>>>>

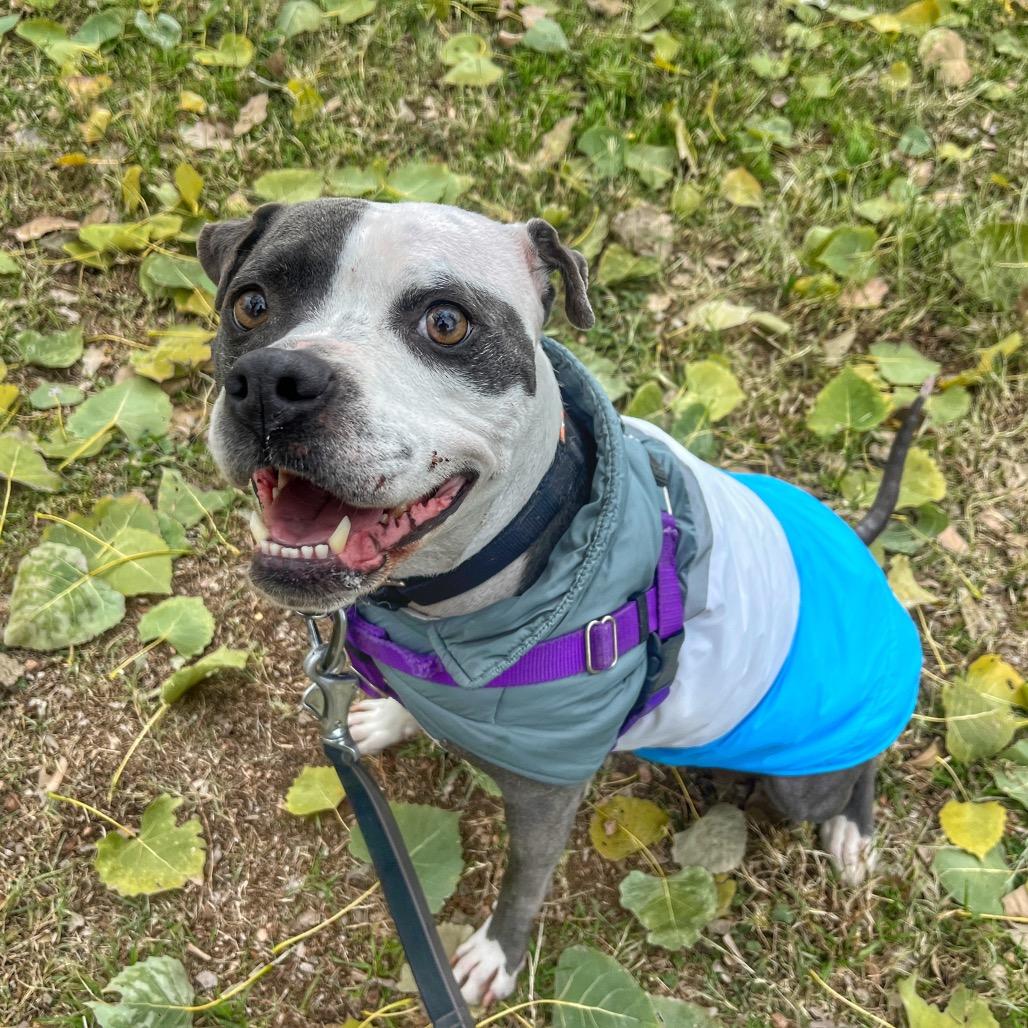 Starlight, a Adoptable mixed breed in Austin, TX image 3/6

<<<<
>>>>

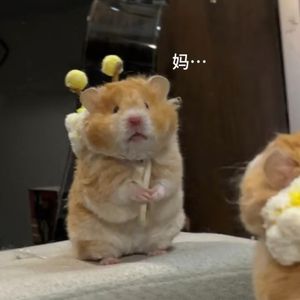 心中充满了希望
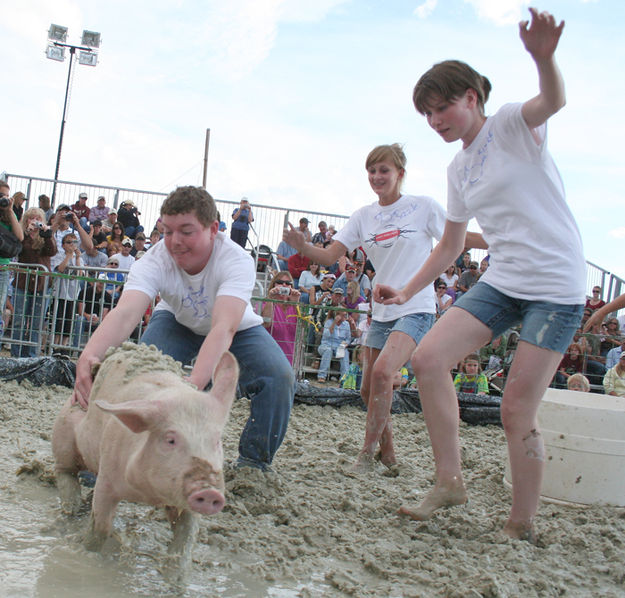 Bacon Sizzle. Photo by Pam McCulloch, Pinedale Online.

<<<<
>>>>

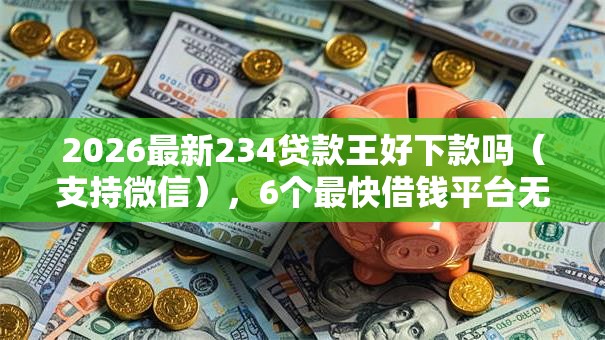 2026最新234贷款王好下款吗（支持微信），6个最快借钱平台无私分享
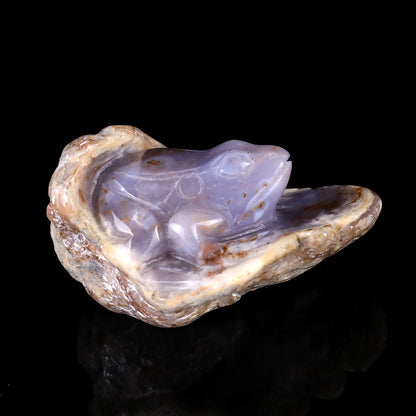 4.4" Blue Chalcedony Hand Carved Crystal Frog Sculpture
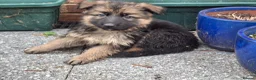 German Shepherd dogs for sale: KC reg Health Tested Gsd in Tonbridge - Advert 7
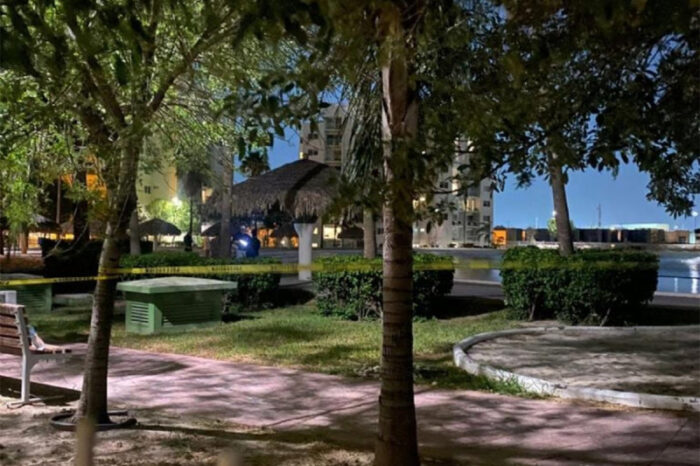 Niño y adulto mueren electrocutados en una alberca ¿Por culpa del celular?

<<<<

» **ACTIVITY**
Only the lines above from the one with "German Shepherd dogs" to the one with "Niño y adulto" should be printed, both included and exactly as written; no picture belongs in the copy.

» **FINISHED EXERCISE**
 German Shepherd dogs for sale: KC reg Health Tested Gsd in Tonbridge - Advert 7
 Niño y adulto mueren electrocutados en una alberca ¿Por culpa del celular?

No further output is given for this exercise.